Your instructions:
Only text is carried over. Reproduce the entries below exactly.
(Working data)
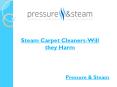 Steam Carpet Cleaners-Will they Harm PowerPoint PPT Presentation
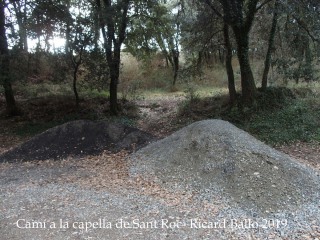 Camí a la Capella de Sant Roc-Sant Pere de Torelló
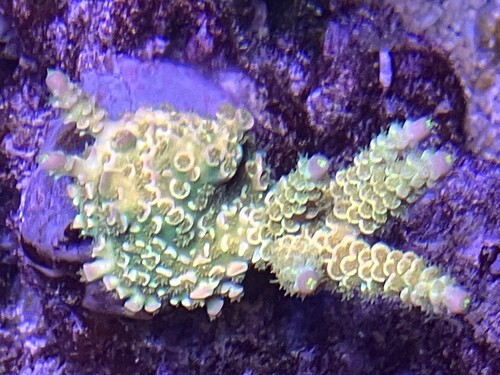 Acropora-koloni, Walt Disney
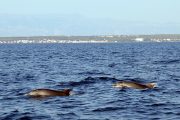 Dolphins swimming in Zadar Channel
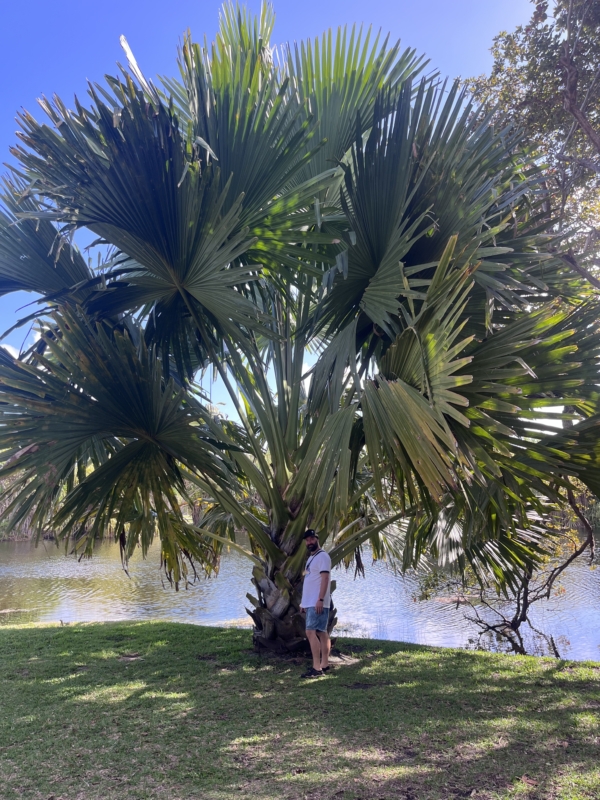 Corypha umbraculifera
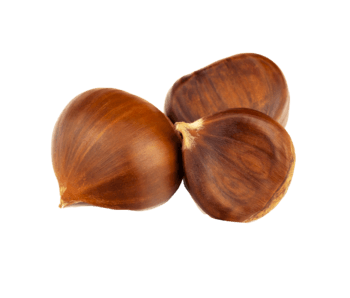 Chestnut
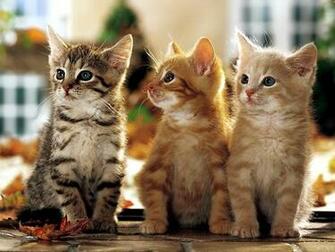 Kapanlagi Wallpaper Feline Friends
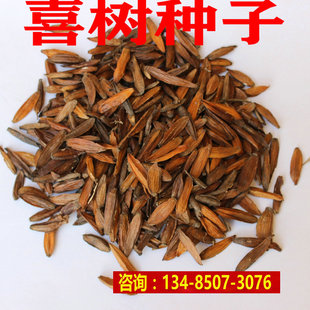 优质喜树种子 绿化苗木 保质保量 当年新采喜树种子 发芽率高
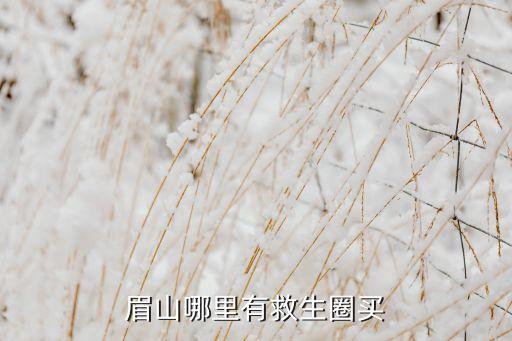 眉山哪里有救生圈买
(End Working data)
Written answer:
 Steam Carpet Cleaners-Will they Harm PowerPoint PPT Presentation
 Camí a la Capella de Sant Roc-Sant Pere de Torelló
 Acropora-koloni, Walt Disney
 Dolphins swimming in Zadar Channel
 Corypha umbraculifera
 Chestnut
 Kapanlagi Wallpaper Feline Friends
 优质喜树种子 绿化苗木 保质保量 当年新采喜树种子 发芽率高
 眉山哪里有救生圈买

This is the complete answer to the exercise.